I once worked in an office with a timed motion sensor light switch. If it didn’t detect motion in the office for 20 minutes or so it would turn off the lights.
When I was programming “In The Zone” the lights would switch off repeatedly and often over hours of work. Each time I’d flail my arms briefly to get the lights back and return to the task at hand, back into the zone. Eventually I would get the hint, switch my mind off, stretch and go home to wife and kids.
I enjoyed being in the zone… greatly. I lost track of time. I lost awareness of my surrounds. I was detached from everything around me and was immersed in my task.

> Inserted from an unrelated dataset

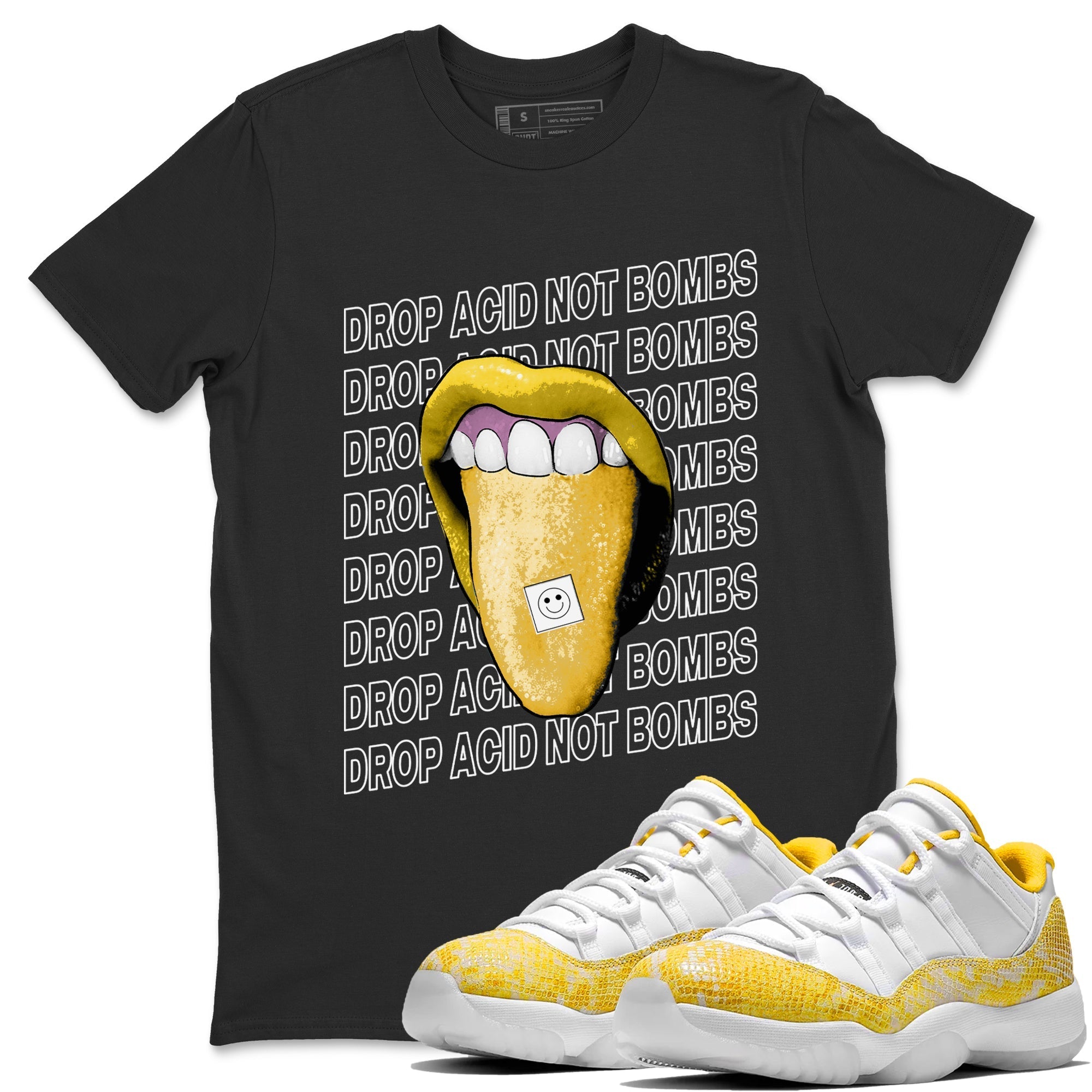Drop Acid Not Bombs Unisex Tops - Air Jordan 11 Yellow Python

It felt great but strangely I wasn’t really aware of that feeling when in the zone.
Have you ever been asked to attend a meeting in which there will be an hour (exactly) of brainstorming or creative thinking? … perhaps just after lunch while your brain is faded? … perhaps on a day where you’ve some major item to deliver? … perhaps in a meeting room as comfortable as a crowded bus on a hot day?
As a project manager once put it to a software team, “We will be having a meeting tomorrow at 2pm where we’ll write down all the ideas we need for this project”. The message was also clear that after that meeting the scope and schedule would be fixed and creativity and innovation would be unwelcome.
Shoehorning a creative process into a tight box is not ideal.